The invitation received to attend the sixth India Triennial and the sending of exhibitions to the African continent are two examples that explain both the scale and resonance of the research trips and the partnerships that were forged.
In 1985, Nelson Herrera Ysla visited the sixth India Triennial, accepting the invitation extended to the Wifredo Lam Center by the Lalit Kala Akademi, the institution organizing the Triennial. This trip served not only to corroborate the previous selection of Indian artists for the second Havana Biennial (1986), but also to discover new artists (Vivan Sundaram and Nalini Malani) who were invited to participate, to get a better picture of the artistic scene of New Delhi and to identify Geeta Kapur as a key figure.[31] This theorist was part of the jury at the second Havana Biennial and participated in the theoretical meeting of the third edition. In her speech, she emphasized the need to rethink the concepts of tradition and modernity, to avoid replicating the exploitative relations created by Western countries, and how intellectuals and artists should consolidate a discourse and a compendium of cultural practices within the political entity of the Third World. At the same time, Llilian Llanes, in the presentation of the third Havana Biennial, underlined the extraordinary mixture of peoples and cultures that make up the Third World, the interest in the (re)affirmation of their roots, and singularities in the face of the hegemonic forces that sought to deform and homogenize them. She also emphasized the obligation to go on the offensive to take an active role in the "universal" culture that had been imposed on them until now.[32]
Two exhibitions took place in India in the 1980s that both reflect and complement these approaches: Place for People (1981) and Questions and Dialogue (1987). On the one hand, Place for People reflected on the dilemma between the local and the international and wondered how European and American cultural hegemony had limited, and even denied, the advance of artistic modernism in India. Geeta Kapur participated in the curatorship and wrote "Partisans Views about the Human Figure,"[33] the exhibition's manifesto. Questions and Dialogue, on the other hand, was articulated around the need to reject the practices of the mainstream, to rethink the concept of national identity, and to make art a social and revolutionary tool.[34] Many of the artists who participated in these two exhibitions also took part in the second and third Havana Biennial, including Sudhir Patwardhan, Gulammohammed Sheikh, Nalini Malani, Vivan Sundaram, Bhupen Khakhar and Jogen Chowdhury.
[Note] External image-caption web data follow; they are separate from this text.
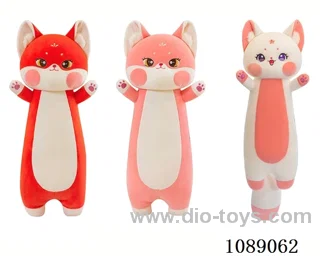 65CM fox pillow doll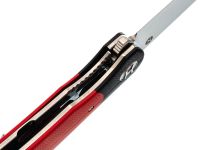 Большой складной нож Honor Tirex Red, сталь D2, рукоять G10, красный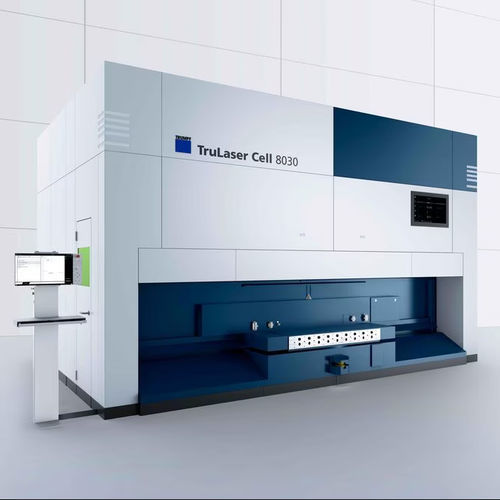 3D-Laser-Schneidemaschine - TruLaser Cell 8030 - TRUMPF machines & systems - für Metall / für Blech / NC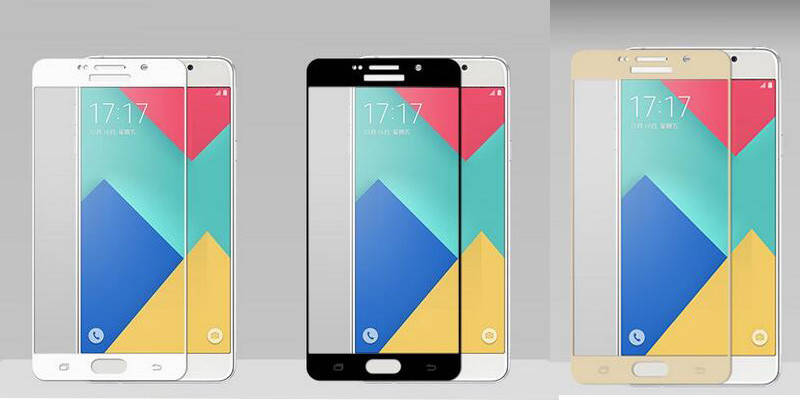 

Защитное стекло для Samsung Galaxy A7 2017 Duos SM-A720 (3 цвета)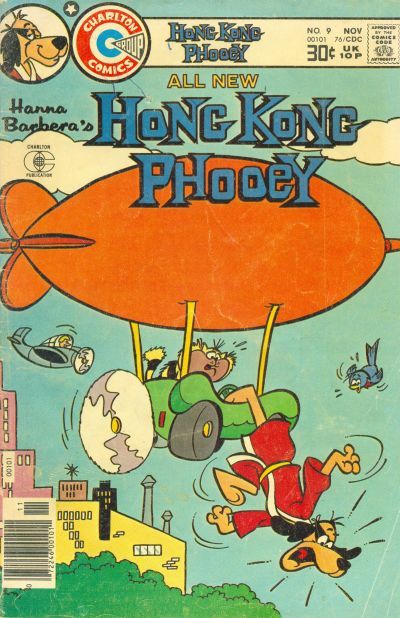 Hong Kong Phooey #9 Comic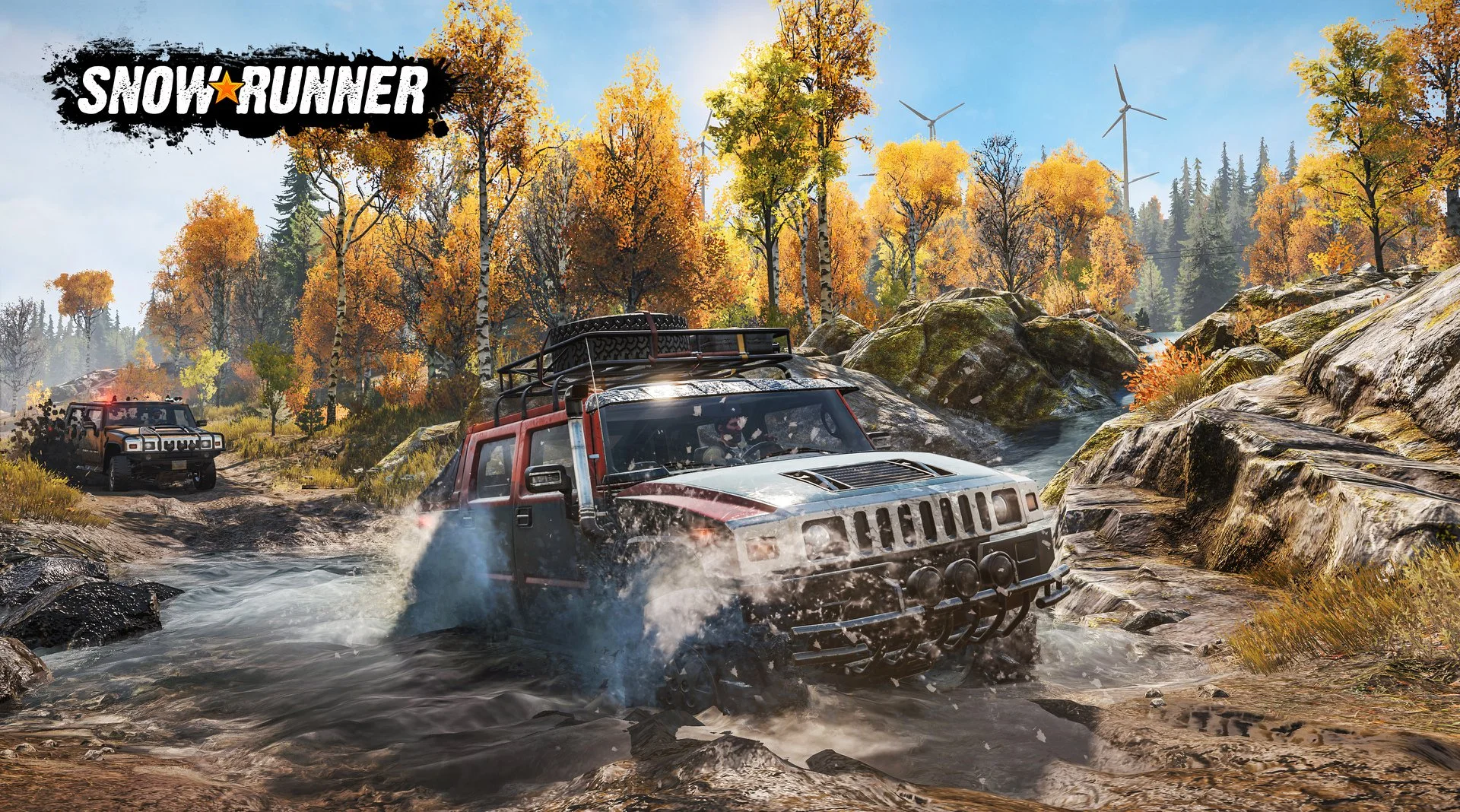 SnowRunner + DLC ОНЛАЙН    (+ ВСЕ ИГРЫ Game Pass)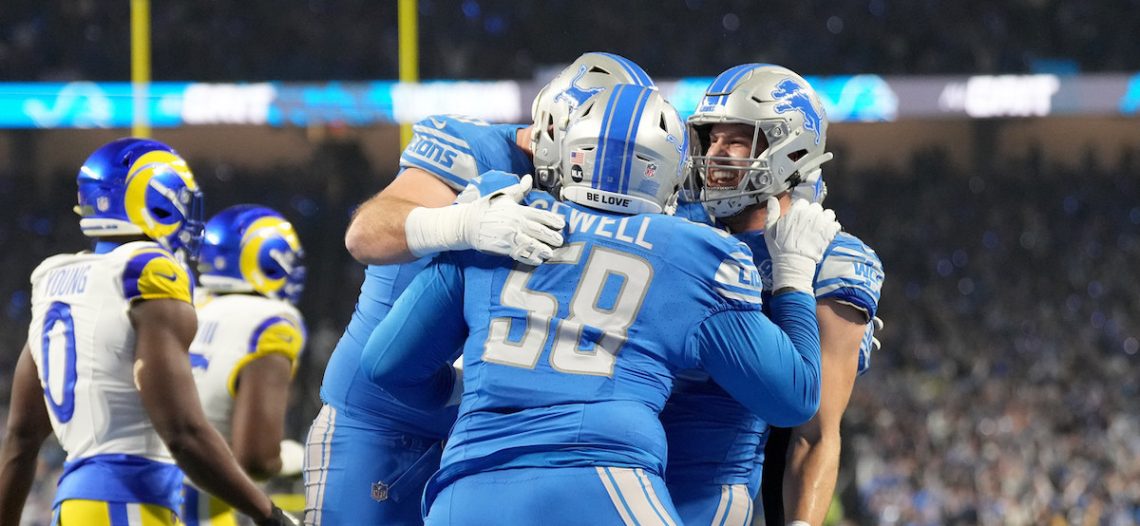 Detroit triunfa en playoffs de NFL luego de 32 años y llega a Ronda Divisional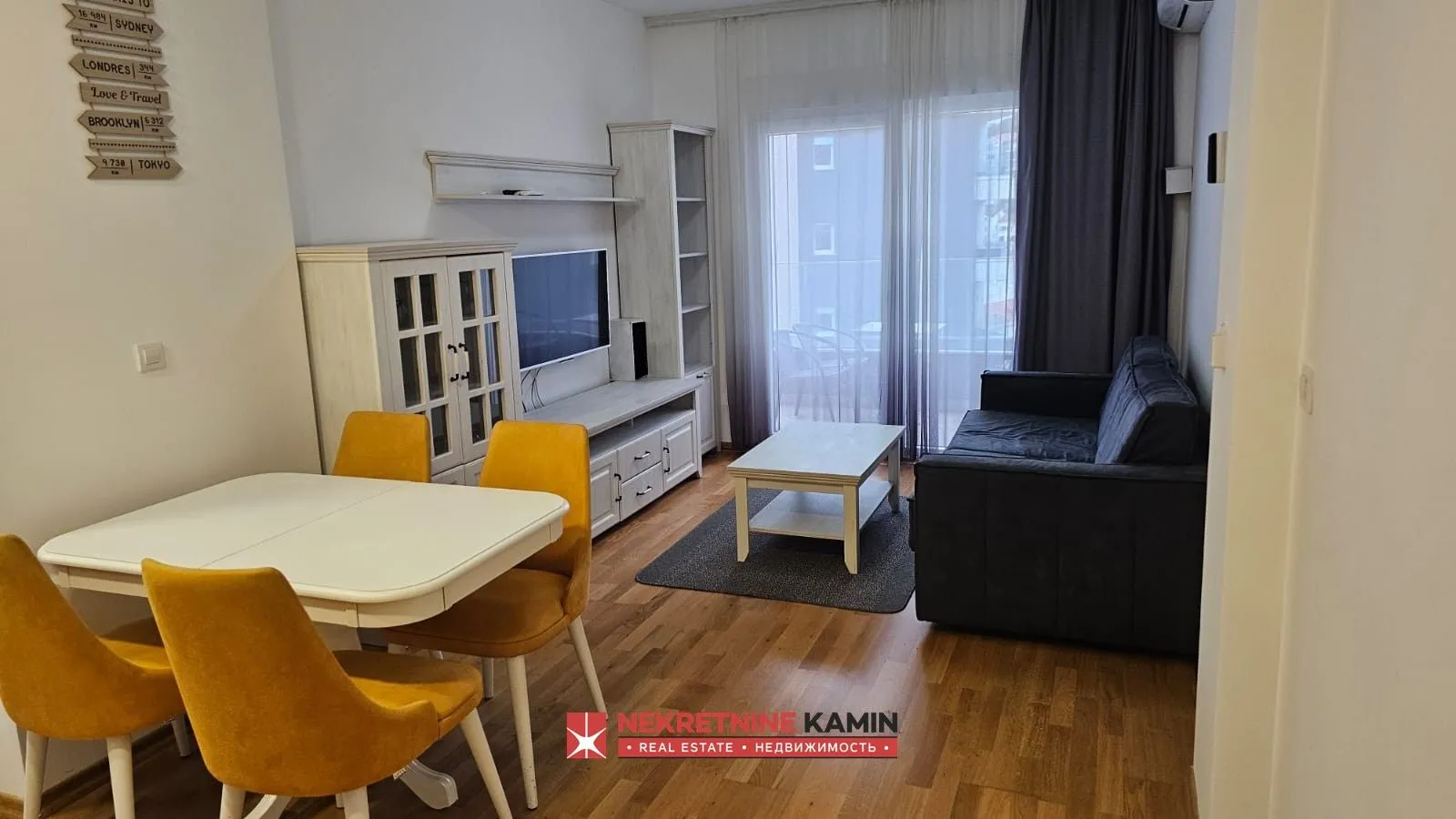 Prodaja, jednosoban stan, 46m², Golubovina, Budva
The reiteration of these names, the approaches of these two exhibitions, and the issues addressed by the Havana Biennial show that at that time India and Cuba shared interests and concerns regarding the dilemma between the local and the international, art as a social tool, and alternative approaches to the concept of identity.[35]
In addition to the Indian participation in the exhibition-essay Tres Mundos (third Havana Biennial), there was also considerable African participation. Some of the artists who participated were Sylvestre Mangonandza, Cyrille Bokotaka, Nicholas Mukomberanwa, Yerly Mpo or Daniel Ngaouka. The participation of these artists was part of the network that Gerardo Mosquera had been establishing with several African countries since the preparation of the second Havana Biennial (1986).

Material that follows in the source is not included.